The only blemish on this idyllic period was the Second South African or Boer War, 1899-1902. Britain won with the aid of the newest military technologies, including the newest of them, the concentration camp. But the cost of victory was very high. For the 116,000 interned in the camps by 1902, 20,000 Boers and 12,000 Africans died, and most of these were children under sixteen (p169; 171). Of the 448,437 British soldiers sent to South Africa, 22,000 died. The costs in both pounds and lives, especially, the lives of children, did not go unnoticed. The adverse publicity prompted J.A. Hobson to invent the term imperialism.

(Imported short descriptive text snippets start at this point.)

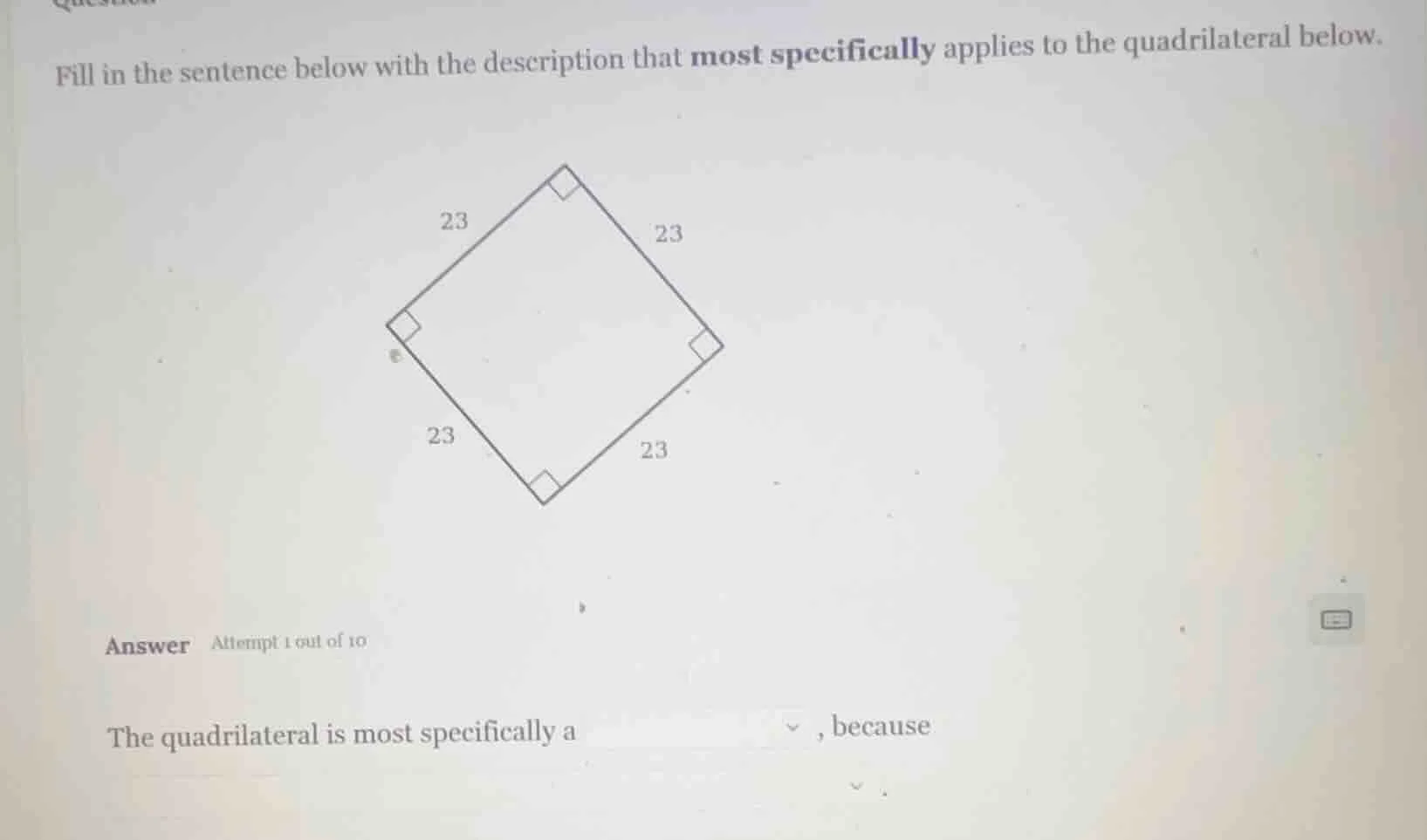 fill in the sentence below with the description that most specifically …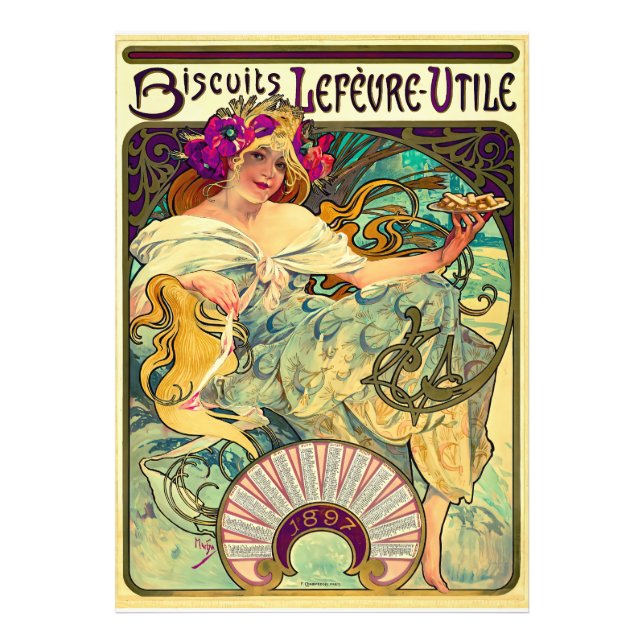 Impression Photo Biscuits Lefevre-Utile par Alphonse Mucha (1896) (Devant)
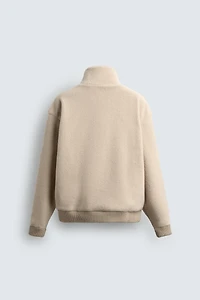 COMBINATION FAUX SHEARLING SWEATSHIRT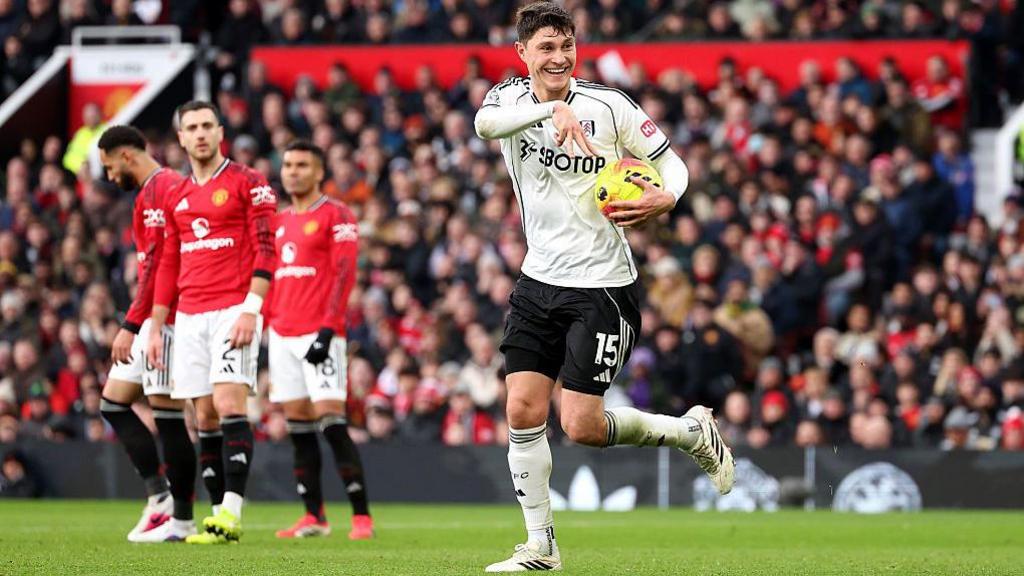 Jorge Cuenca carries the ball after scoring a goal that was quickly disallowed for offside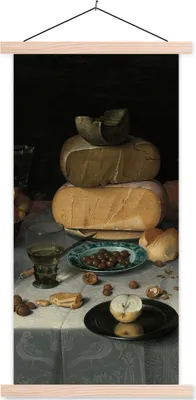 Produktbild von MuchoWow® Textilposter Stilleben mit Käse - Gemälde von Floris Claesz. van Dijck 40x80 cm mit holzfarbenen Rahmen - Wohnzimmer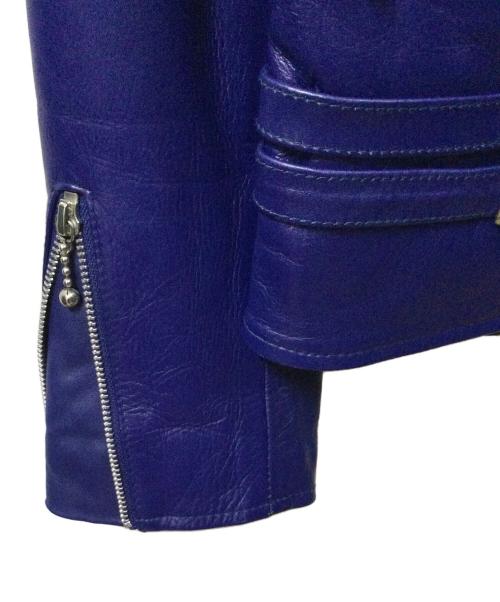 HORN WORKS（ホーンワークス）HORN WORKS (ホーンワークス) ダブルライダースジャケット ネイビー×レッド ネイビー サイズ:XLの古着・服飾アイテム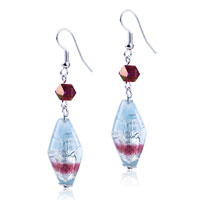 Murano Glass Jewelry - silver red and pale blue stripes earrings Image.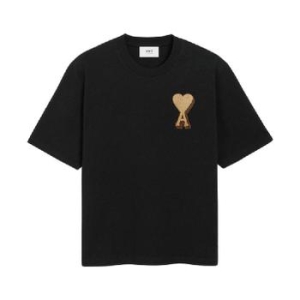 아미 빅 하트 로고 코튼 티셔츠 블랙 UTS352-726-001_이미지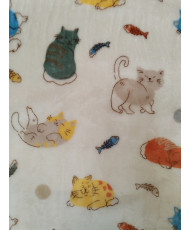 Tissu Doudou Ultra Doux - Motif Chats  (150 cm)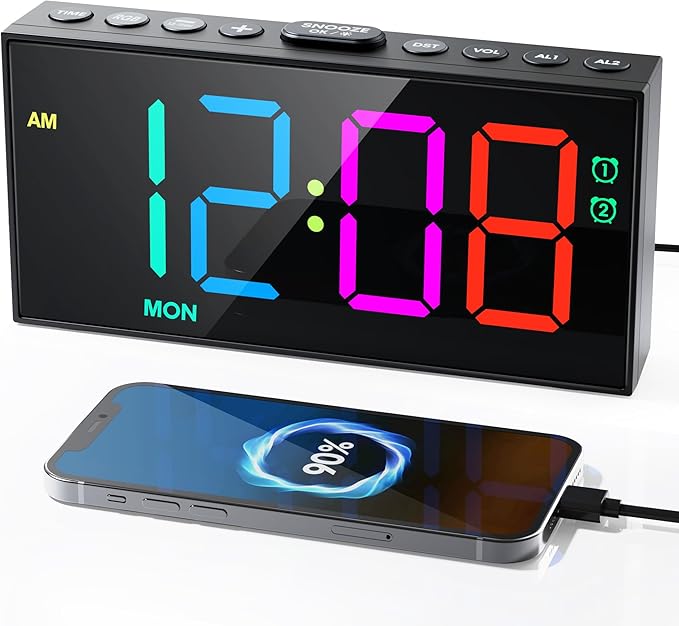 RGB Digital Alarm Clock for Bedroom, Dual Alarms ,Weekday/Weekend/Everyday Mode, 7 Dimmer,5 Volume,2 Charging Ports, 9-min Snooze,Memory Function,Plug in Desk Clock Large Display for Kids/Teens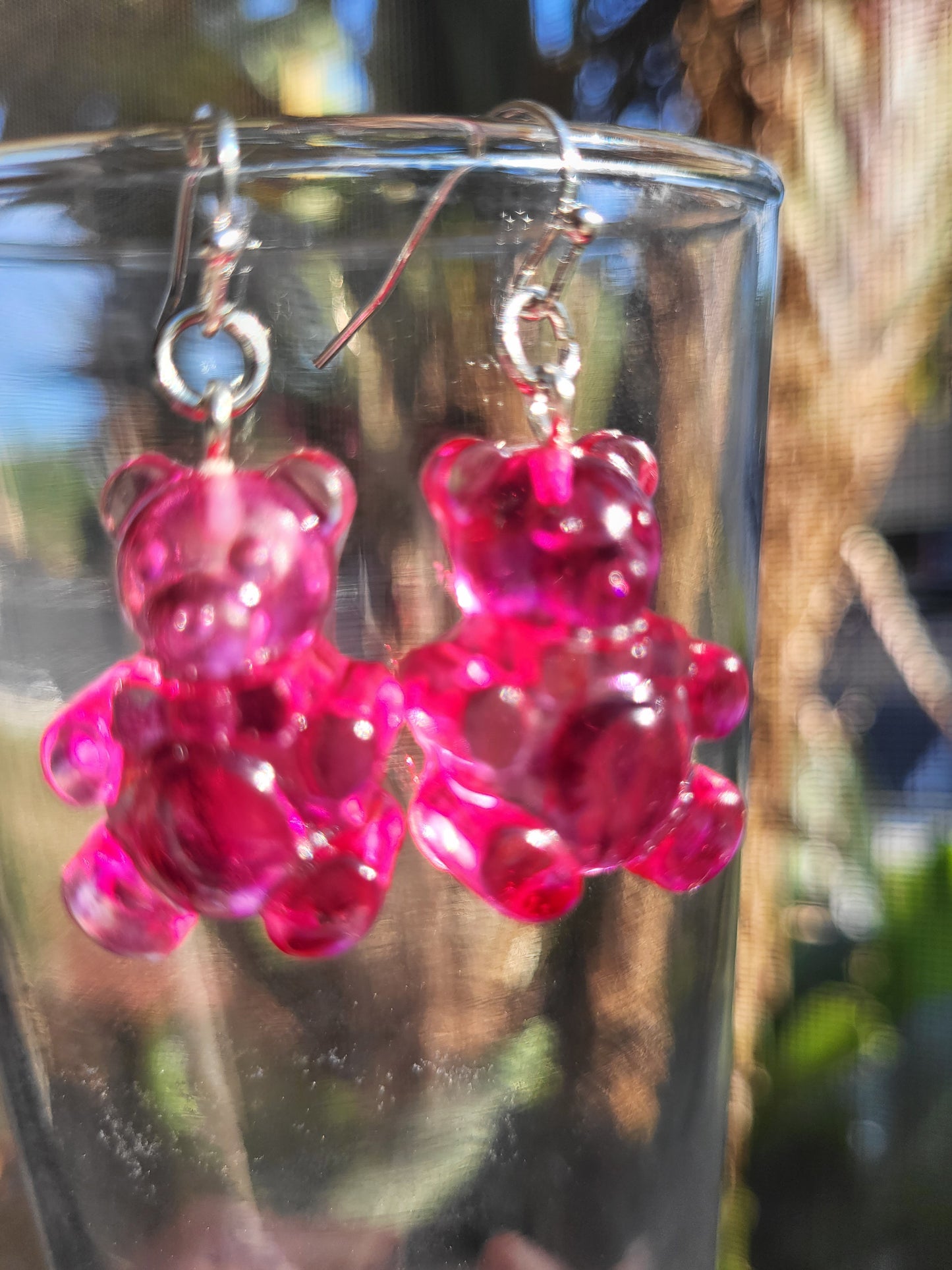 Bright Pink "Gummy Bear" Hook Earrings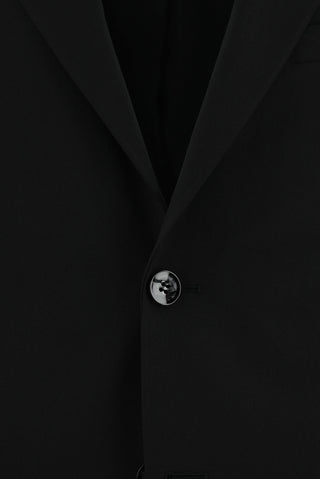  Siyah Slim Fit Dar Kesim Yünlü Klasik Takım Elbise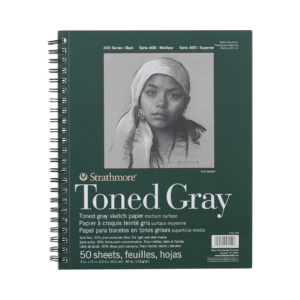 STRATHMORE BLOC DE BOCETOS SERIE 400, TONO GRIS, 9 X 12 PULGADAS, 50 HOJAS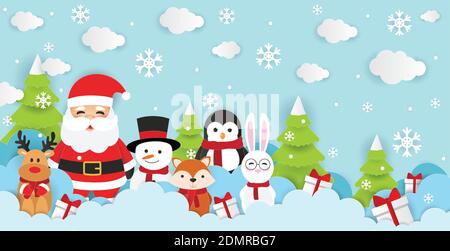 Christmas Background Vector Illustration. Santa Claus, Reindeer, Penguin, Snowman, Rabbit And Fox Vector. Winter Wonder Land Background. Stock Vector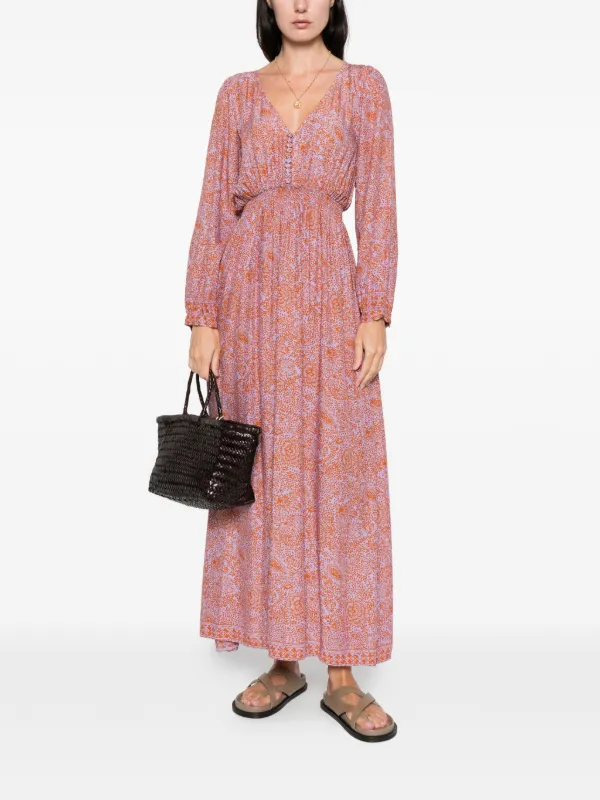 Natalie Martin April Buttoned Floral Shangri Dress | Purple | FARFETCH GE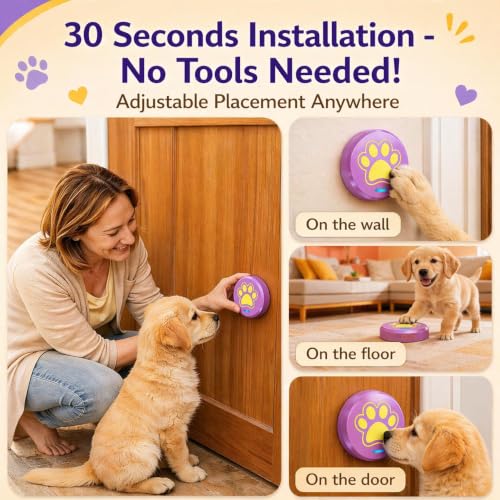ChunHee Bells for Dog Training to Go Outside - Dog Door Bell with 36 Custom Sounds | Bell for Dogs to Ring to Go Potty | 5 Adjustable Volume(0-115dB) | Teach Puppies to Signal to Go Outside - color: 2 Purple-yellow Button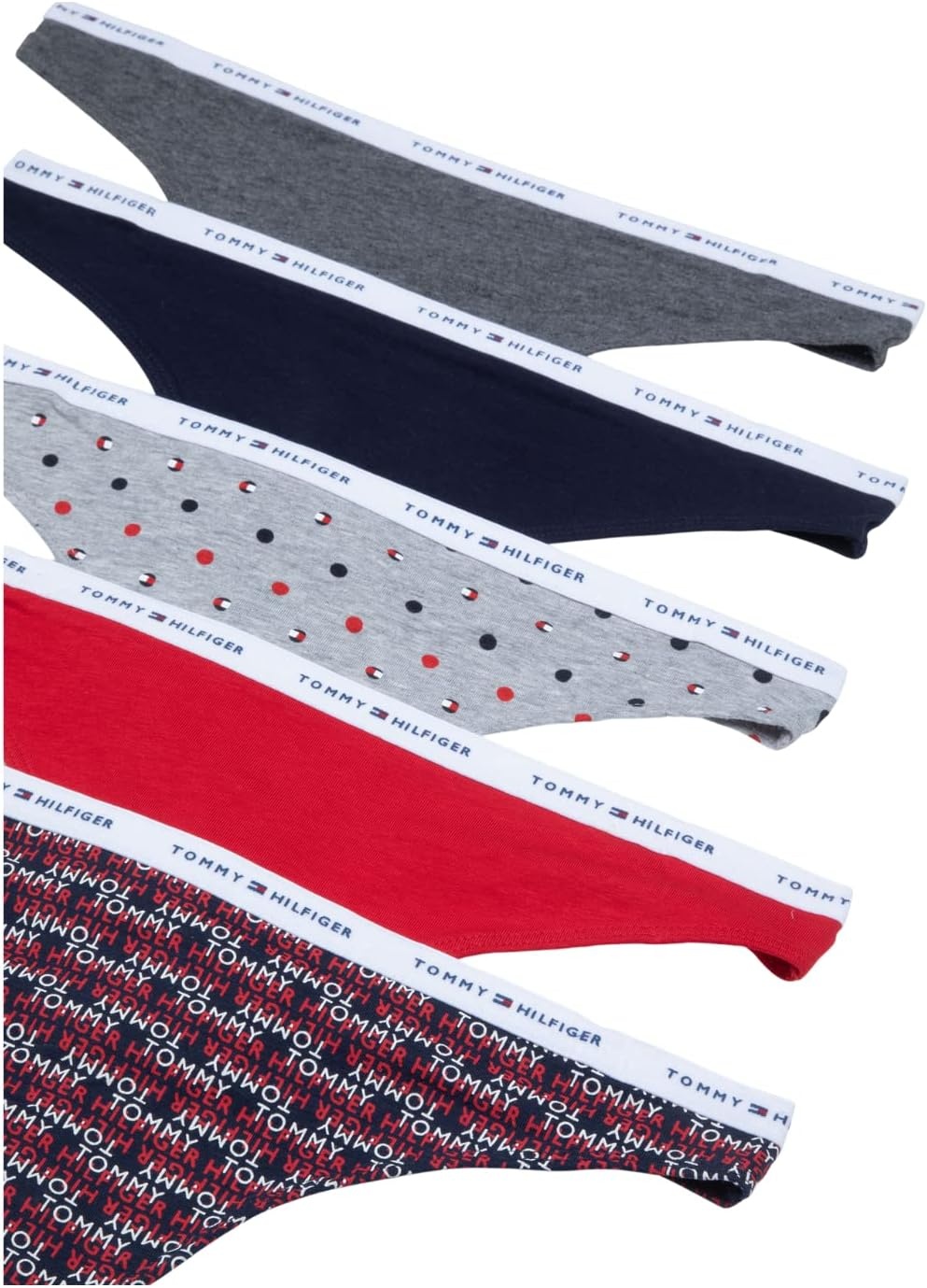 image:imageTommy Hilfiger Womens Classic Cotton Logoband Thong 5 PackAssorted1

The anti-war agitation sparked by excesses of the Second African War demonstrated just how thin public support for colonial and imperial adventures was. The German colonial society boasted only 17,000 members in 1889, and its French counterpart less than half that. Observations such as these lead Porch to remark that,

"Imperialism was not the highest stage of capitalism, as Lenin believed, but the highest stage of nationalism. While imperialists were nationalists, not all nationalists were imperialists. Imperialism's natural constituency was small, confined largely to men of military or journalistic disposition who grasped at empire as an antidote for national decline or as a vision of a new world order." (p 34)

Lacking a deep wellspring of public support, colonial adventures could be continued 1) only if their costs were small and hence easily hidden from the public and 2) if colonial wars were also fought without significant costs in either lives or money. The Second South African War brought this harsh reality home as never before.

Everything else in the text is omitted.